10      L’article 13 de ladite directive, intitulé « Valeurs limites et seuils d’alerte pour la protection de la santé humaine », énonce, à son paragraphe 1 :

« Les États membres veillent à ce que, dans l’ensemble de leurs zones et agglomérations, les niveaux d’anhydride sulfureux, de PM10, de plomb et de monoxyde de carbone dans l’air ambiant ne dépassent pas les valeurs limites fixées à l’annexe XI.

En ce qui concerne le dioxyde d’azote et le benzène, les valeurs limites indiquées à l’annexe XI ne peuvent pas être dépassées à partir des dates indiquées à ladite annexe.

Le respect de ces exigences est évalué conformément à l’annexe III.

Les marges de dépassement indiquées à l’annexe XI s’appliquent conformément à l’article 22, paragraphe 3, et à l’article 23, paragraphe 1. »
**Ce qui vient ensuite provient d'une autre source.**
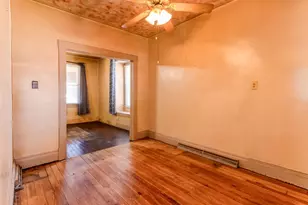 801 19th St, Ambridge, PA 15003 - Photo 14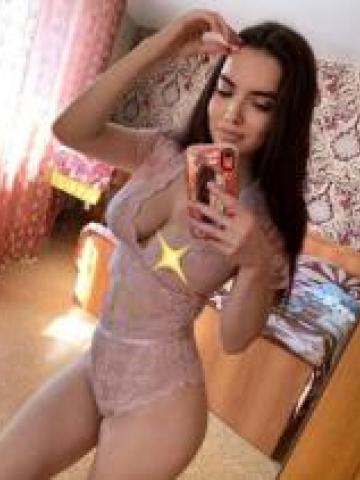 Мелиса фото 4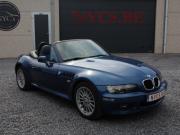 image_0-BMW Z3 1.9L - 2001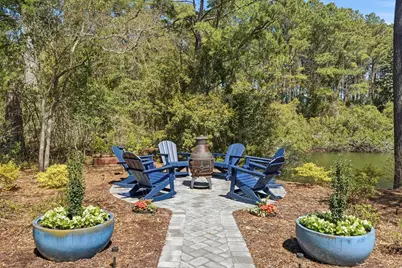 1100 Marsh View Dr., North Myrtle Beach, SC 29582 - Photo 44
11      L’article 23 de la directive 2008/50, intitulé « Plans relatifs à la qualité de l’air », dispose, à son paragraphe 1 :

« Lorsque, dans une zone ou agglomération donnée, les niveaux de polluants dans l’air ambiant dépassent toute valeur limite ou toute valeur cible, majorée dans chaque cas de toute marge de dépassement, les États membres veillent à ce que des plans relatifs à la qualité de l’air soient établis pour cette zone ou agglomération afin d’atteindre la valeur limite ou la valeur cible correspondante indiquée aux annexes XI et XIV.

En cas de dépassement de ces valeurs limites après le délai prévu pour leur application, les plans relatifs à la qualité de l’air prévoient des mesures appropriées pour que la période de dépassement soit la plus courte possible. Ils peuvent comporter des mesures additionnelles spécifiques pour protéger les catégories de population sensibles, notamment les enfants.
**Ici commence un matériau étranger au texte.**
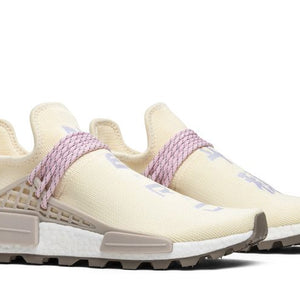 adidas NMD Hu Pharrell NERD Cream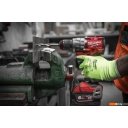 Шуруповерты, гайковерты, электроотвертки Milwaukee M18 FUEL M18FPD3-0X 4933479859 (без АКБ, кейс)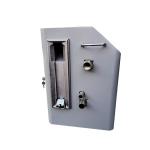 Automatic Simple Digital Gasoline Diesel Gasoline Fuel Kerosene Dispensers With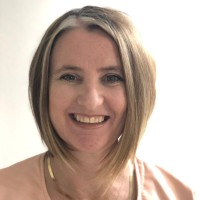 Lisa Edwards Email & Phone Number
Ces plans relatifs à la qualité de l’air contiennent au moins les informations énumérées à l’annexe XV, section A, et peuvent aussi inclure les mesures visées à l’article 24. Ils sont transmis à la Commission sans délai, et au plus tard deux ans après la fin de l’année au cours de laquelle le premier dépassement a été constaté.

Lorsque des plans relatifs à la qualité de l’air doivent être élaborés ou mis en œuvre pour plusieurs polluants, les États membres élaborent et mettent en œuvre, s’il y a lieu, des plans intégrés relatifs à la qualité de l’air couvrant tous les polluants concernés. »
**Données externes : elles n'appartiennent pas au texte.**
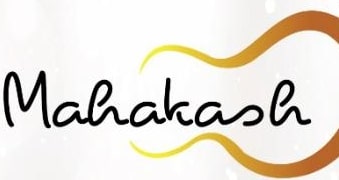 Mahakash Device mark 4457637 Trademark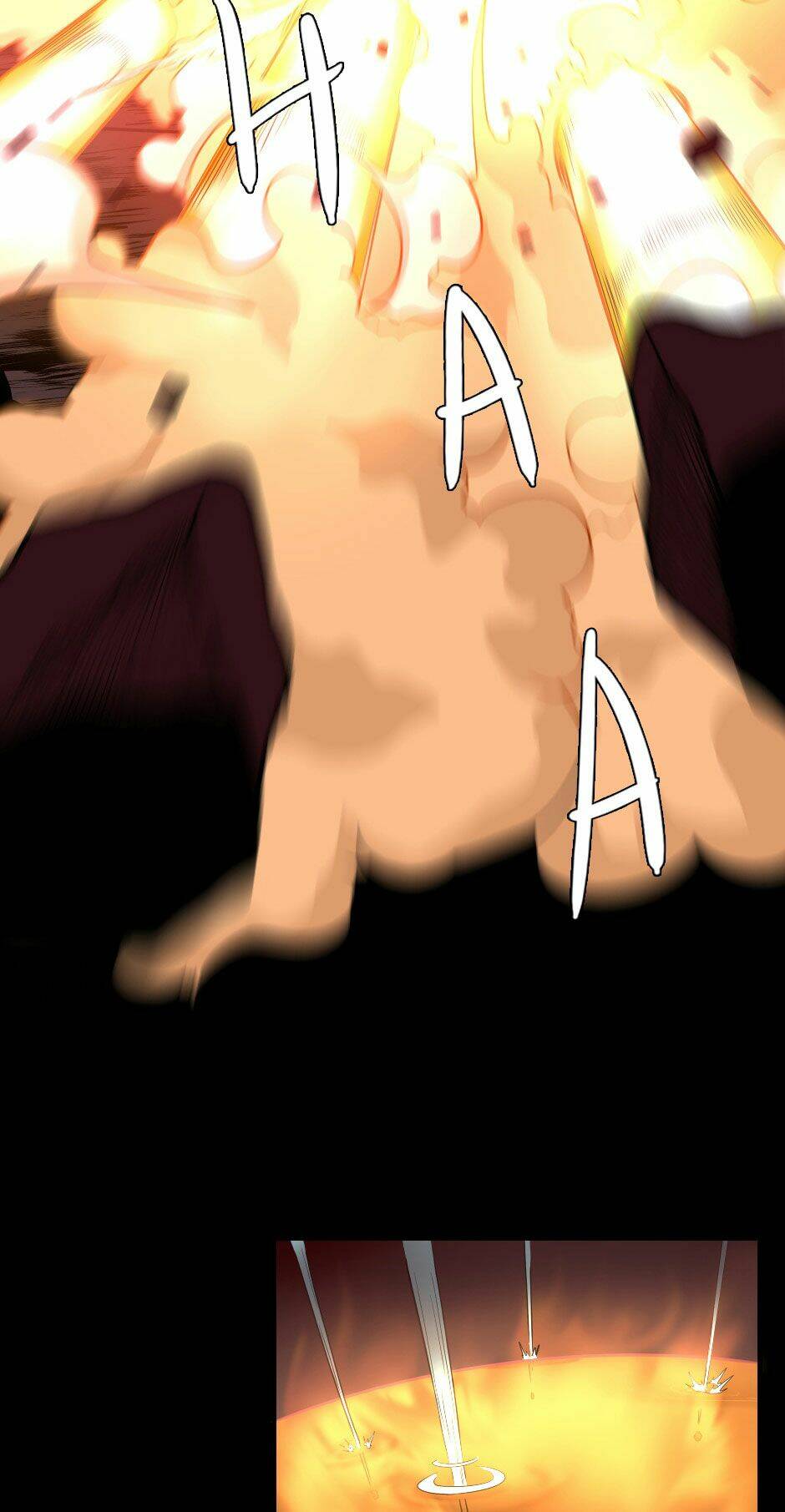 page_92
12      L’article 27 de cette directive, intitulé « Transmission des informations et des rapports », prévoit :

« 1.      Les États membres veillent à ce que les informations sur la qualité de l’air ambiant soient mises à la disposition de la Commission dans les délais prévus par les mesures d’exécution visées à l’article 28, paragraphe 2.

2.      En tout état de cause, afin d’évaluer spécifiquement le respect des valeurs limites et des niveaux critiques ainsi que la réalisation des valeurs cibles, ces informations sont communiquées à la Commission, au plus tard neuf mois après la fin de chaque année, et comprennent :

a)      les modifications apportées au cours de l’année en question à la liste et à la délimitation des zones et des agglomérations établies en vertu de l’article 4 ;

b)      la liste des zones et des agglomérations dans lesquelles les niveaux d’un ou de plusieurs polluants sont supérieurs aux valeurs limites majorées de la marge de tolérance, s’il y a lieu, ou supérieurs aux valeurs cibles ou aux niveaux critiques ; et, pour ces zones et agglomérations :

i)      les niveaux évalués et, le cas échéant, les dates et périodes auxquelles ces niveaux ont été observés ;

ii)      s’il y a lieu, une évaluation de la part imputable aux sources naturelles et à la remise en suspension de particules provoquée par le sablage ou salage hivernal des routes dans les niveaux observés, déclarés à la Commission conformément aux articles 20 et 21.

3.      Les dispositions des paragraphes 1 et 2 s’appliquent aux informations réunies à partir du début de la deuxième année civile suivant l’entrée en vigueur des mesures d’exécution visées à l’article 28, paragraphe 2. »

13      L’article 33 de ladite directive, intitulé « Transpositions », dispose :

« 1.      Les États membres mettent en vigueur les dispositions législatives, réglementaires et administratives nécessaires pour se conformer à la présente directive avant le 11 juin 2010. Ils transmettent immédiatement à la Commission le texte de ces dispositions.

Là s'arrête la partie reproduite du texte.